# My Obsession



## katkoota (Feb 25, 2010)

My squeaky ball is my obsession <3 









Humans throw it up high in the sky. All of a sudden, i turn into an air dog, chasing it to wherever it goes! I will be speeding after it even if it meant that it was going to the end of the world. Nothing can distract me or stop me! I am determine and take whatever I want to do seriously in order to reach my goal









I catch and retrieve it; back to the human I go, wanting another chase! This game can go forever until the human gets tired! 
My world isn't complete without my squeaky ball
My squeaky ball is my obsession! Period.









Care to share yours?









Paws,
Snowy

Ps. I had a little photo-shoot yesterday aiming to get some pictures of snowy carrying his obsession  what are your Havs obsessed with?


----------



## Kathie (Jul 31, 2008)

Those are adorable pictures, Snowy! Blue is my favorite color, too!


----------



## irnfit (Nov 21, 2006)

Snowy is adorable and I love his name. My BFF has a Westie and his name is Snowy, too.


----------



## Thumper (Feb 18, 2007)

Awwwww that picture is utterly and undeniably adorable! Mine is obsessed with a ratty old snuggle bear, and happens to be afraid of balls (i have no idea where this phobia originated)

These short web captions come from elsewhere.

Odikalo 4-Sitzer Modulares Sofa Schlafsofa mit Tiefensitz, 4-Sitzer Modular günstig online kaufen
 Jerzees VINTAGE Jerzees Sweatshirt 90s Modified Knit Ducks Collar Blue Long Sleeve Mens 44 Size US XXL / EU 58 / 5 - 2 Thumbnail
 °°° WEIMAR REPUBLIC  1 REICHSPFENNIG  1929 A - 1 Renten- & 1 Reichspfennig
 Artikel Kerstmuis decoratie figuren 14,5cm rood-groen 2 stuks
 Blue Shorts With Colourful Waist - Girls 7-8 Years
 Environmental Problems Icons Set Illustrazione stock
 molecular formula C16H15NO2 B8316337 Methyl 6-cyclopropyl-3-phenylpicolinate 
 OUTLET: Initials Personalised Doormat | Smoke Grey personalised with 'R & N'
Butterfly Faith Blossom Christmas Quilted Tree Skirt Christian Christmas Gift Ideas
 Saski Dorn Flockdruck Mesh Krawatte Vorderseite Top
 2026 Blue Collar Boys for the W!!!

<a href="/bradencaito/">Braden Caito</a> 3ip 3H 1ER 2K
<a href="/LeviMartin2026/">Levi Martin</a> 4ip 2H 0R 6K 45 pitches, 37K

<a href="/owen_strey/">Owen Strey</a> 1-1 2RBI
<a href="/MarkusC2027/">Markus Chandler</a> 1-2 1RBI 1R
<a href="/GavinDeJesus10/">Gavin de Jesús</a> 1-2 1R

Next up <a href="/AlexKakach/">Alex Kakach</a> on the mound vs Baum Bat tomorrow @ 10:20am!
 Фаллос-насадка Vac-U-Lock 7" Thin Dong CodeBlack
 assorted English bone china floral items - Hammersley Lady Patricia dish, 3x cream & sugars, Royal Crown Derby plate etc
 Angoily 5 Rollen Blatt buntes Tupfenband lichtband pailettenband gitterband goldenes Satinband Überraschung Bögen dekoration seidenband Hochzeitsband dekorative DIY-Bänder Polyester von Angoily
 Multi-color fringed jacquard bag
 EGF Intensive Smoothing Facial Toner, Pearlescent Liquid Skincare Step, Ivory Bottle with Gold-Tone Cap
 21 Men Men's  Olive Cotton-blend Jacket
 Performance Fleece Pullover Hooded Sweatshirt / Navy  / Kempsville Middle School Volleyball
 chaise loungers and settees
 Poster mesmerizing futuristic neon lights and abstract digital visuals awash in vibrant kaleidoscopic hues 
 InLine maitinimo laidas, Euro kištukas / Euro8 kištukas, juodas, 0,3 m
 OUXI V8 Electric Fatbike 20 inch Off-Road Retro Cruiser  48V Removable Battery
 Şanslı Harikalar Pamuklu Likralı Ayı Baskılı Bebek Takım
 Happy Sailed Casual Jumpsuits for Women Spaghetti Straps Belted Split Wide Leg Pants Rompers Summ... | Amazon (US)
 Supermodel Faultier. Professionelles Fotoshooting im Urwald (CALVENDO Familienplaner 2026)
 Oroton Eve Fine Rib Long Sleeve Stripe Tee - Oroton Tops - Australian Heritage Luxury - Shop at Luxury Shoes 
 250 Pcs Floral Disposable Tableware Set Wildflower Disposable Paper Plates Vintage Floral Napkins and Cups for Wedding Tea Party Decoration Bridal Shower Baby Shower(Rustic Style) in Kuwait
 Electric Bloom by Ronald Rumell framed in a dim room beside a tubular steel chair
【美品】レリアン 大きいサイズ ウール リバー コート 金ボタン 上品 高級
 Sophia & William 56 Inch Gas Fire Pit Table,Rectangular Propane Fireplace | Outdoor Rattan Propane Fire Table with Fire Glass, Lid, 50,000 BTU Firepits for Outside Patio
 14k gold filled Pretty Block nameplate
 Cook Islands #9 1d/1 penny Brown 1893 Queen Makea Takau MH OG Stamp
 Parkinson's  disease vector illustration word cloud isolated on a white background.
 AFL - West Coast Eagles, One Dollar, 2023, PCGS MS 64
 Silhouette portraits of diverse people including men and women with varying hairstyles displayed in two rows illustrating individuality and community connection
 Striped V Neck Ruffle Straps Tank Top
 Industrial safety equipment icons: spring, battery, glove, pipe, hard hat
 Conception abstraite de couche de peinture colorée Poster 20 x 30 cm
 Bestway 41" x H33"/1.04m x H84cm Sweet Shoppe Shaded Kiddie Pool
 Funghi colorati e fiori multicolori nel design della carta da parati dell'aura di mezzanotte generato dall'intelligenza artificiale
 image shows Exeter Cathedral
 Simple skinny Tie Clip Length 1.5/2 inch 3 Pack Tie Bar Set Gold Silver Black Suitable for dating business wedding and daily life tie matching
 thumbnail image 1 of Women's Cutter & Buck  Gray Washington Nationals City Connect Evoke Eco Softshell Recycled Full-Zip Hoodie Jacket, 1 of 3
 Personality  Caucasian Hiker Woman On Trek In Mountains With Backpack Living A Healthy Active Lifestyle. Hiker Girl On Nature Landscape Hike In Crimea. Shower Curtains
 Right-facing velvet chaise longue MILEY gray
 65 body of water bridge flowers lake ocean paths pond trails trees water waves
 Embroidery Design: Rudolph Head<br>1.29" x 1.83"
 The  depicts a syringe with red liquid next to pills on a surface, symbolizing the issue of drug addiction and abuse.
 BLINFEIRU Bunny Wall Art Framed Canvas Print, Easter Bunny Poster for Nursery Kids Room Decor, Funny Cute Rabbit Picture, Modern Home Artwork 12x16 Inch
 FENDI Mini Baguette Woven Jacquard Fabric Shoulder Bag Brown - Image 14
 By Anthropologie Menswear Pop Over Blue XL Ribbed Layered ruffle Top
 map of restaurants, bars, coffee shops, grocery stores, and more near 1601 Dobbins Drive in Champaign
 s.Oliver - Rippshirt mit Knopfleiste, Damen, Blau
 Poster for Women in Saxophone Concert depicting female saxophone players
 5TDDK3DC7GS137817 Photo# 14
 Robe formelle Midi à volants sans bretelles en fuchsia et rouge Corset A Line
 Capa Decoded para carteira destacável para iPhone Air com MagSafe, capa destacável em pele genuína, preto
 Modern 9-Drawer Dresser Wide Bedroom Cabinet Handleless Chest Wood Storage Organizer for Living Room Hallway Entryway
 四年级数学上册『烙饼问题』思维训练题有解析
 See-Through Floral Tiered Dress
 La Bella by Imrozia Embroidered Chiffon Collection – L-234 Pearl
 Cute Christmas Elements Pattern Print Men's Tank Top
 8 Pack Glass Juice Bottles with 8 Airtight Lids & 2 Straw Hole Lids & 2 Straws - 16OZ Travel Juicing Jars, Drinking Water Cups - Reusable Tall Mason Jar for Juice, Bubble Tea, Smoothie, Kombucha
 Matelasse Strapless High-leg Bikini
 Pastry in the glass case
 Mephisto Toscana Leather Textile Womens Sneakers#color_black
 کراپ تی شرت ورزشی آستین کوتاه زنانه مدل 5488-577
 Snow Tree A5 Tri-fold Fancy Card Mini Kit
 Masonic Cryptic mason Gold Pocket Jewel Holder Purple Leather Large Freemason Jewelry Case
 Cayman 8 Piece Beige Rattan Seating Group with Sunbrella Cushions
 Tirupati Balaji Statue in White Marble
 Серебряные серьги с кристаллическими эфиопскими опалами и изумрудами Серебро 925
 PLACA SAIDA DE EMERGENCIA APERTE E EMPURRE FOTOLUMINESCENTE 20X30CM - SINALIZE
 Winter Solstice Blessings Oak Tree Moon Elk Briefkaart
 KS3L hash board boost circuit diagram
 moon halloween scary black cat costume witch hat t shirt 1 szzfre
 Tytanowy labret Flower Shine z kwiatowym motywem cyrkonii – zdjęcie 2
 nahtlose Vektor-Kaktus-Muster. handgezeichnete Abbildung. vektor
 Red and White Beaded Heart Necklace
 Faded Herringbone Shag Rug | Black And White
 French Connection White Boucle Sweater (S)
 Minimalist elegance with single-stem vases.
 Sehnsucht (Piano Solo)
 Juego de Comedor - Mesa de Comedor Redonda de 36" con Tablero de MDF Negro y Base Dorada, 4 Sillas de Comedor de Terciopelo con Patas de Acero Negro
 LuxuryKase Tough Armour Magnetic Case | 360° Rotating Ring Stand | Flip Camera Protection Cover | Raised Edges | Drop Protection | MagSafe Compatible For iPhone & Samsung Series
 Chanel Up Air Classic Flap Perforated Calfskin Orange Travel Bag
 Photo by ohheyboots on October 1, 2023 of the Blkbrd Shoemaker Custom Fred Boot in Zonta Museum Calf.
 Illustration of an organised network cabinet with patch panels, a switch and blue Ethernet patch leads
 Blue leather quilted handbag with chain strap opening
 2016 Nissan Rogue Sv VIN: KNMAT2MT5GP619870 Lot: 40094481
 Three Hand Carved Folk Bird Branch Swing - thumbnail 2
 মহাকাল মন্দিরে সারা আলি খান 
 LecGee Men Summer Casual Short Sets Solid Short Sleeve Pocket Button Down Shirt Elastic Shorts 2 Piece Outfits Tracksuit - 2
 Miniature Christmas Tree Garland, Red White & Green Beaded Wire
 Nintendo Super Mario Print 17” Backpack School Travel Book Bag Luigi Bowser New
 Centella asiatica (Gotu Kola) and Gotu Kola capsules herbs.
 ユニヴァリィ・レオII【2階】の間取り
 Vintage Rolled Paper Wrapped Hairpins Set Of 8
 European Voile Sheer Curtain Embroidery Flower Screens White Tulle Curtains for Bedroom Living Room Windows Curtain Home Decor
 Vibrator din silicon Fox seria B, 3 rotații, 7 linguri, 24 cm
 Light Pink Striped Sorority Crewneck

But that sure is a caption-esque picture if I ever saw one! 

Kara


----------



## Flynn Gentry-Taylor (Jan 17, 2008)

Sir Winston is obsessed with getting me away from the computer


----------



## Flynn Gentry-Taylor (Jan 17, 2008)

I love Snowy in blue, he is such a handsome rascal!!


----------



## pjewel (Apr 11, 2007)

I love those photos and think one should be in our book of Havs & Their Friends. What say you?


----------



## motherslittlehelper (Mar 18, 2010)

I LOVE Snowy and Crystal!! Where are her photos????? Such personality coming out of Snowy's photos! They definitely belong in the book of Havs and Friends!


----------



## Flynn Gentry-Taylor (Jan 17, 2008)

motherslittlehelper said:


> I LOVE Snowy and Crystal!! Where are her photos????? Such personality coming out of Snowy's photos! They definitely belong in the book of Havs and Friends!


Me too, but get one of Crystal too....they are great


----------



## katkoota (Feb 25, 2010)

Thanks everyone ^_^



irnfit said:


> Snowy is adorable and I love his name. My BFF has a Westie and his name is Snowy, too.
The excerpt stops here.